Con el alba llegarán más dudas, más miedos, más angustias, más retos, más pruebas de resistencia, nuevos asaltos en este eterno combate en el que me he prometido no tirar jamás la toalla, por mucho que duelan los golpes. Y con suerte, en el momento más inesperado el teléfono me sorprenderá con la llamada que tiene a mi alma y a mi futuro en vilo y puede que los astros se alineen y el día me regale un par de necesarios abrazos y esa sonrisa que me devuelve la ilusión y me mantiene en pie sobre la lona aguantando con estoicismo un puñetazo tras otro. Y si aún sigo siendo digno puede que el destino se decida a obsequiarme con una de esas píldoras de felicidad que evitan que mi razón emprenda un vuelo sin retorno a B612.
Si hay algo mucho más triste y peligroso que el miedo a la muerte es el invalidante y desolador miedo a la vida. Y es que no se puede vivir con miedo a vivir, y por eso han aumentado preocupantemente los suicidios. Por eso hay personas que buscan respuestas y soluciones donde antes no se habían aventurado a buscar y por eso a veces nos preguntamos qué coño está pasando en este mundo.
Y por eso escribo cada día. Por eso me evado a otras épocas, otros países, otras realidades y otras existencias. Me escribo circunstancias más amables que me ayudan a mantener la sonrisa y en un alarde de valor me escribo también problemas de complicada solución, desafíos difíciles de superar y pérdidas irreparables y cuando haciéndole trampas a los hados soy capaz de redactar las soluciones, de superar los obstáculos en negro sobre blanco y de recuperar lo perdido, al levantar la vista de la pantalla del ordenador, del folió en blanco o de la libreta, me siento por unos segundos el tipo más feliz del universo conocido y de los universos que aún quedan por conocer y por escribir, y me abandono a la imagen ideal en la que comparto mis triunfos con ELLA, y ELLA es feliz porque sabe que yo lo soy.
Otro de esos días raros.

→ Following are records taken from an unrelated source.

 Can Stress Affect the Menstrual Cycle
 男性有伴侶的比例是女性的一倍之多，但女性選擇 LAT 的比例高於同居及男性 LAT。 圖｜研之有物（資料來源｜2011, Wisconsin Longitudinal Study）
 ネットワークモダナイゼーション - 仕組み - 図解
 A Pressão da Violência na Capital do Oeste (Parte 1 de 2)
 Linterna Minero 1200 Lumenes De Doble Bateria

Comienzan a ser demasiados y demasiado raros. O quizás no tanto. Puede que deba preguntarme si el raro soy yo y por eso, por mi rareza, convierto los días en raros para no tropezar en las sombras ni perder el rumbo.
Ha salido el sol. A lo lejos una paloma aporta arrullos y zureos al nuevo día y un gato aventurero maúlla desafiante. Salto de la cama y me regalo una ducha de agua fría que me devuelve el sentido y tonifica mis músculos. El primer café de la mañana es tan solo equiparable al néctar de los dioses, a esa ambrosia celestial y al sabor de sus labios.
A por el día. A por la vida. A por todo.